▶ _PROBLEM DETAILS_
Please print, exactly as written, the line containing "Mahwah, NJ 07430" and each line after it through the end of the material; pictures stay out.

***** AVAILABLE DATA *****

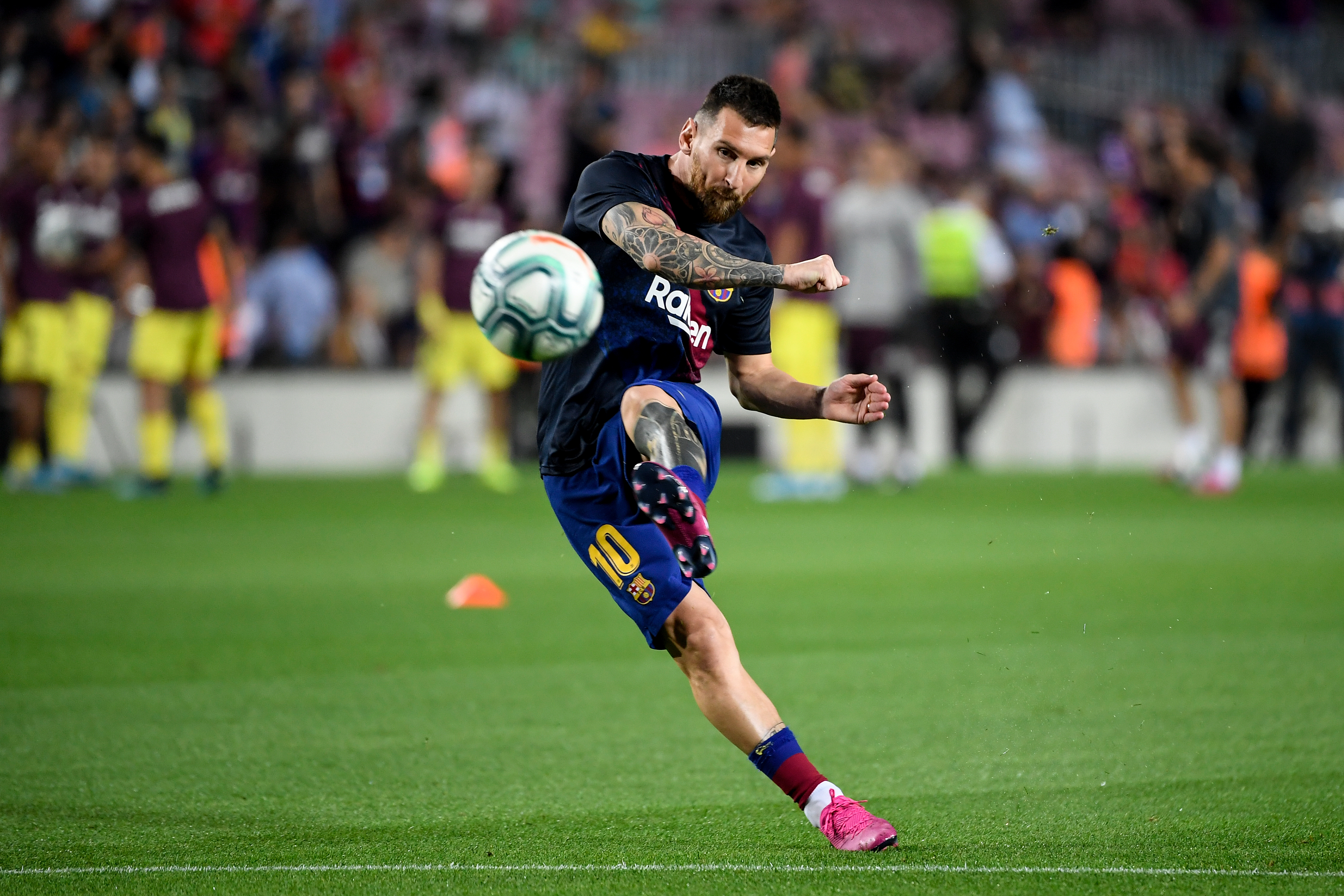 Frenkie de Jong considera que Lionel Messi merece ganar el Balón de Oro. (Foto Prensa Libre: AFP) 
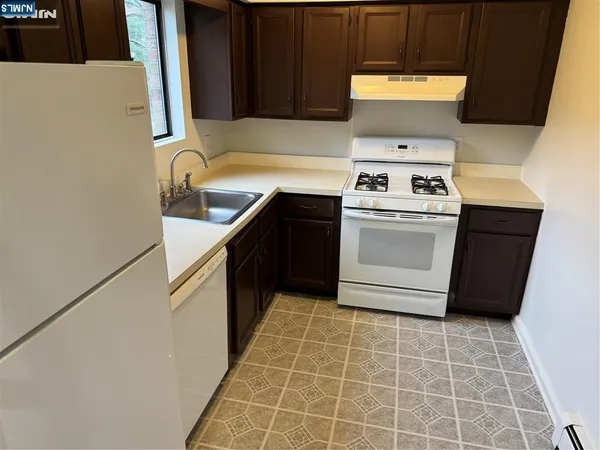 $2,200 | 102 Bellgrove Drive, Unit 4A, Mahwah, NJ 07430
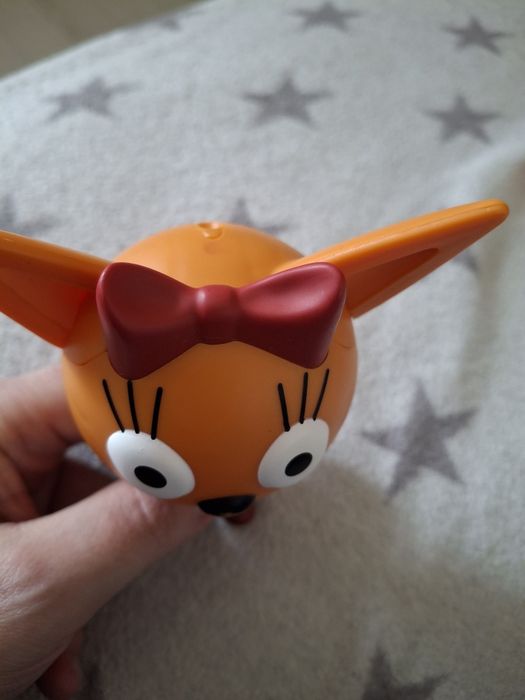 Три кота: фігурка Карамельки зі звуковими ефектами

*****

▶ _RESULT OF THE EXERCISE_
 $2,200 | 102 Bellgrove Drive, Unit 4A, Mahwah, NJ 07430
 Три кота: фігурка Карамельки зі звуковими ефектами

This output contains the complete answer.